A remarkable collection of fossilized birds that lived 55 million years ago has been bequeathed to the National Museum of Scotland (NMS) in Edinburgh and includes dozens of species unknown to science.

Dating back to the early Eocene epoch, they represent the early stages of the evolution of modern birds.

The collection, amassed by the late Michael Daniels, a paleontology enthusiast, is considered one of the most important in the world. Its scope is such that it will take several years to work through and describe all the specimens, but initial analysis suggests at least 50 new species.

Dr Andrew Kitchener, Chief Curator of Vertebrates at the NMS, said The observer: “This is so exciting, a wonderful collection. Some of the birds have characteristics that are now found in various modern bird families – mixed together.’

The importance of the collection “cannot be overstated”, Kitchener said, both in the UK, where there are no comparable sites for fossil birds, and abroad. The patterns are all the more fascinating because, despite being buried in clay for millions of years, they are preserved in three dimensions. In other areas, they are usually found in a compressed state.

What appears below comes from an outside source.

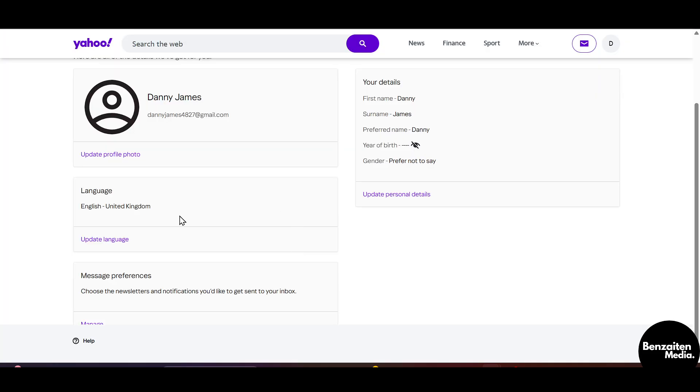After that, your language will be updated. So this is how you can change the language in Yahoo Mail. That was all for this video — thank you for watching!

Kitchener paid tribute to Daniels, who promised the will months before he died last September aged 90. By day, Daniels worked as a carpenter and fitter, but his passion was palaeontology, which took him from his home in Lawton near Epping Forest to fossil sites outside London and elsewhere in southern England. In the 1970s, he took a more specialized interest in the Eocene London Clay, the period after the dinosaurs died out. After his retirement in 1985 he moved to Holland-on-Sea to pursue this interest in nearby Walton-on-the-Neys, which has a prominent London clay formation.

He became friends with Kitchener 25 years ago after he and his wife Pam moved to Edinburgh, where their daughter Caroline lived

While visiting the NMS, they met Kitchener, who recalled: “He said, ‘I’d like to see your collection of Eocene birds.’ I said, “I’d like to show you that, but we don’t have any.” Then he told me about his huge collection.”

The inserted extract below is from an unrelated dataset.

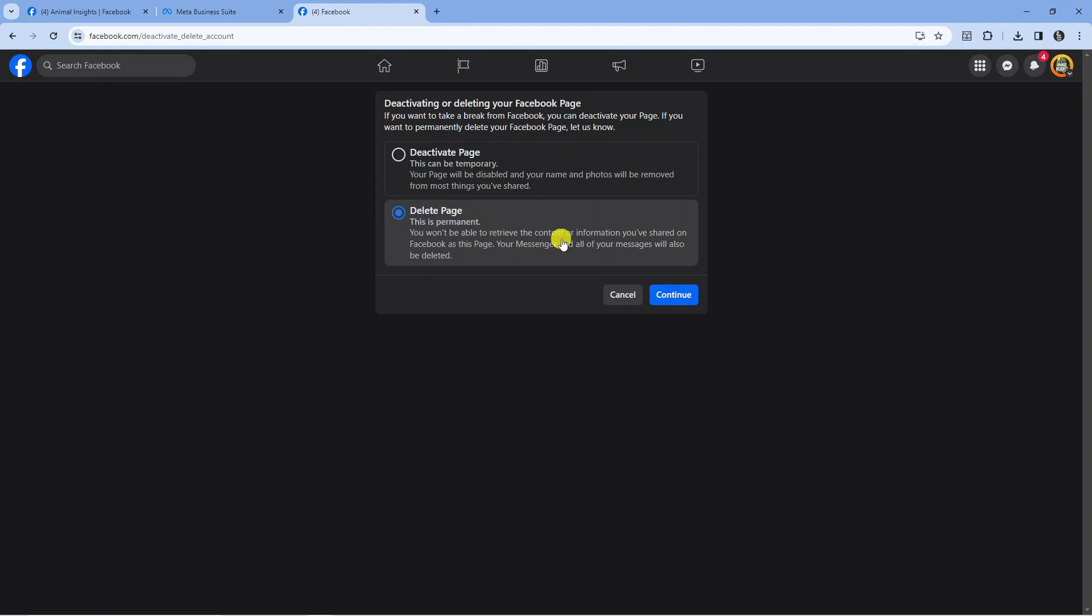It says you won't be able to retrieve the content or information you've shared on Facebook as this page. Your Messenger and all your messages will also be deleted.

Kitchener remembers him as an affable man who was largely self-taught but knew his subject and had a particular skill at finding fossils from the otherwise unattractive lumps of clay plucked from the rocks of the Naze. “Previously, only random stray bones were found there, but Michael discovered hundreds of more or less complete skeletons, from the fragmentary bones of a large archaic falcon ancestor… to the tiny skeletons of a hummingbird-sized bird that resembles a swift.”

Michael Daniels, a paleontology enthusiast, makes another discovery in Walton-on-the-Neys. Photo: Handout

Daniels estimated that he drove 27,000 miles and walked 1,590 miles on field visits to Walton-on-the-Neys to collect 15 tons of London clay. Kitchener said: “Extracting, processing, sifting and drying the residue was a painstaking task. Separating the relevant finds and combining the fragments into some sort of whole involved his watchmaking skills with binocular microscopes, probes and tweezers, so that he was even able to extract the middle ear bones of tiny birds.’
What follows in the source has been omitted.